= Goal of the exercise =
Retype the entries below word for word, leaving out every picture.

= Source data =
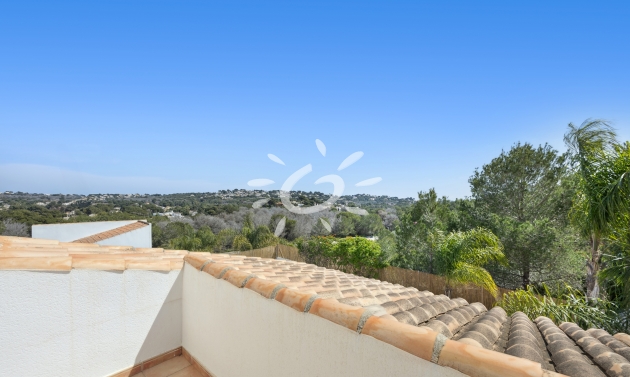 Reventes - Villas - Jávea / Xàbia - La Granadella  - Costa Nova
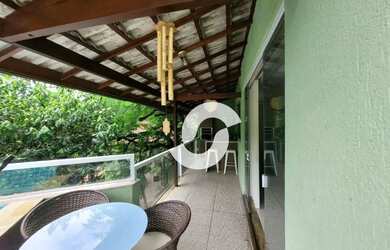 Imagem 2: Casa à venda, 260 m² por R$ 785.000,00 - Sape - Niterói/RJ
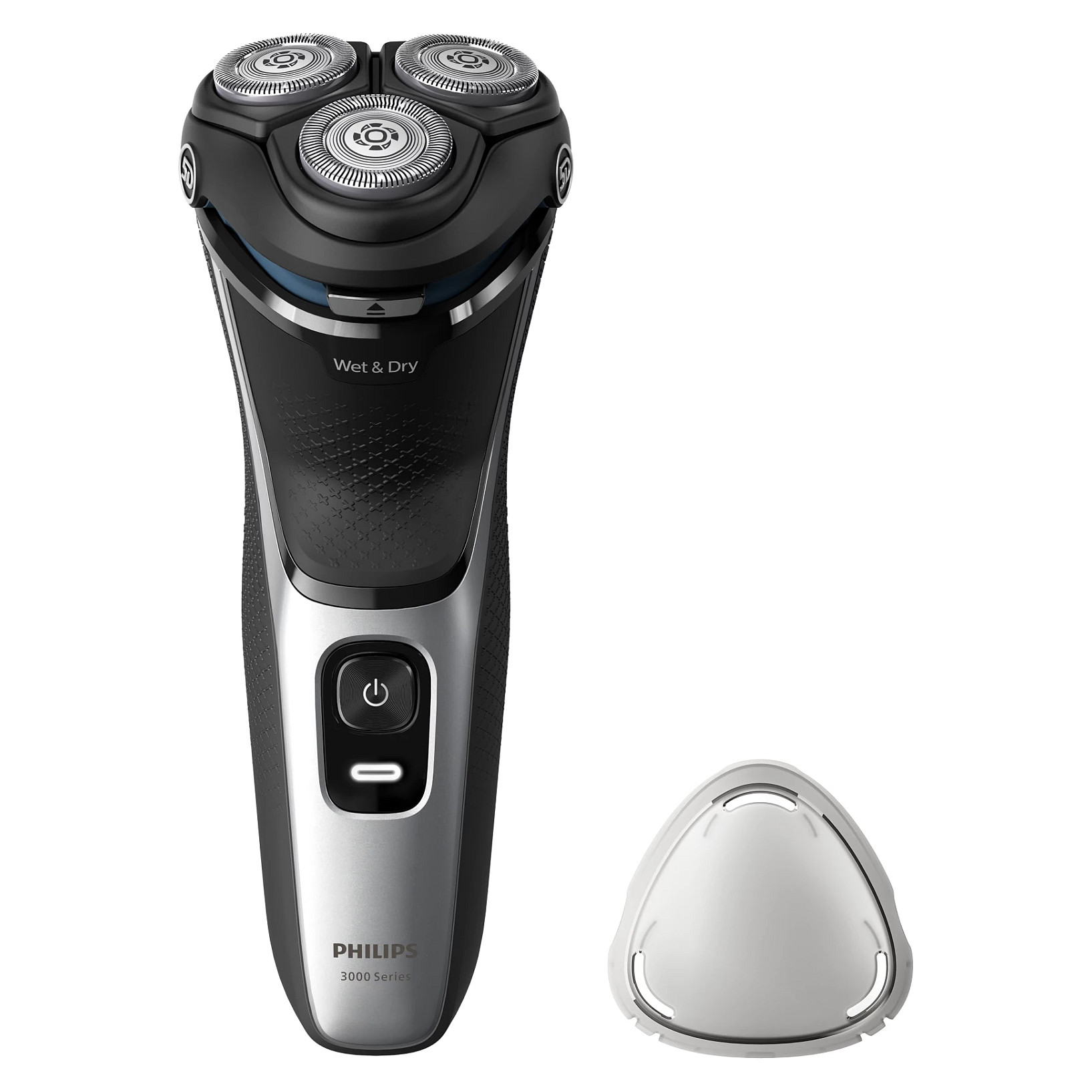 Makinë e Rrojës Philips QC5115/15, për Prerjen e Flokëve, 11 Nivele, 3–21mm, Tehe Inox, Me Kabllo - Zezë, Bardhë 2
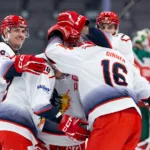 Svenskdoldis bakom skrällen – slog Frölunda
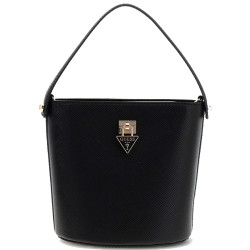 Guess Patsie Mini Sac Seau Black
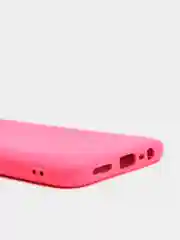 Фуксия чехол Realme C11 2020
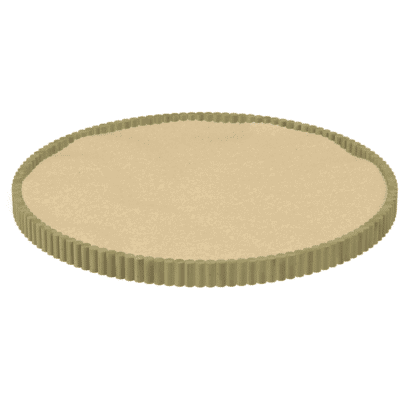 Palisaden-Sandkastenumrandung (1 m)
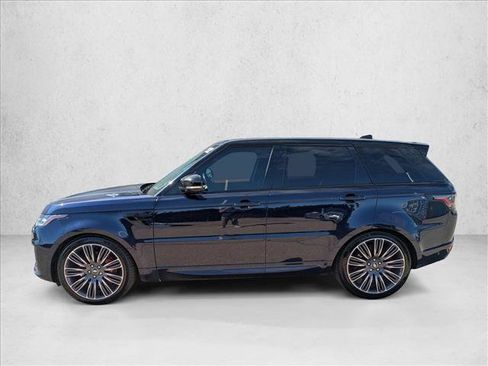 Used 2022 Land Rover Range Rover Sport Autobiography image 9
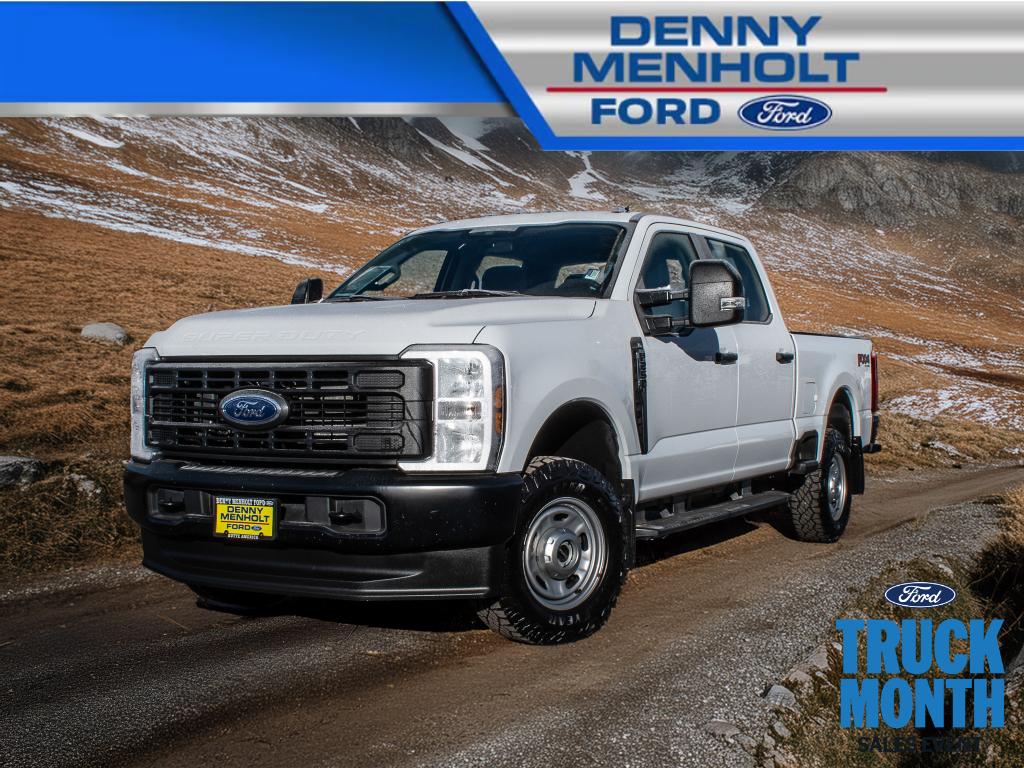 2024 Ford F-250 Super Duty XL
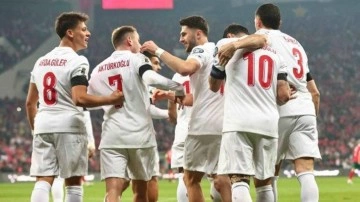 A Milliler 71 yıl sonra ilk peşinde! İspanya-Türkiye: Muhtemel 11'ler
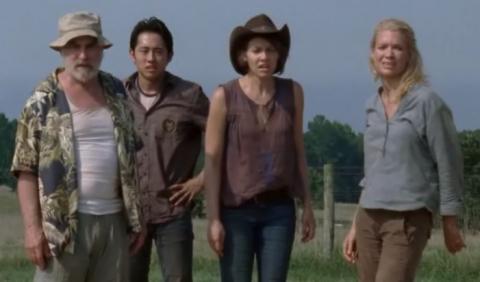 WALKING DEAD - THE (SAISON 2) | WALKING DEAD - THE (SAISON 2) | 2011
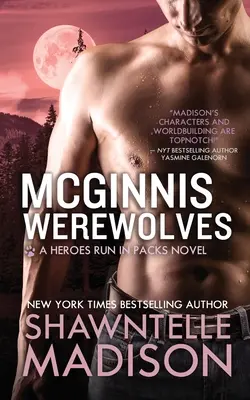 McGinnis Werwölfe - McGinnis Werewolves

= Problem solution =
 Reventes - Villas - Jávea / Xàbia - La Granadella  - Costa Nova
 Imagem 2: Casa à venda, 260 m² por R$ 785.000,00 - Sape - Niterói/RJ
 Makinë e Rrojës Philips QC5115/15, për Prerjen e Flokëve, 11 Nivele, 3–21mm, Tehe Inox, Me Kabllo - Zezë, Bardhë 2
 Svenskdoldis bakom skrällen – slog Frölunda
 Guess Patsie Mini Sac Seau Black
 Фуксия чехол Realme C11 2020
 Palisaden-Sandkastenumrandung (1 m)
 Used 2022 Land Rover Range Rover Sport Autobiography image 9
 2024 Ford F-250 Super Duty XL
 A Milliler 71 yıl sonra ilk peşinde! İspanya-Türkiye: Muhtemel 11'ler
 WALKING DEAD - THE (SAISON 2) | WALKING DEAD - THE (SAISON 2) | 2011
 McGinnis Werwölfe - McGinnis Werewolves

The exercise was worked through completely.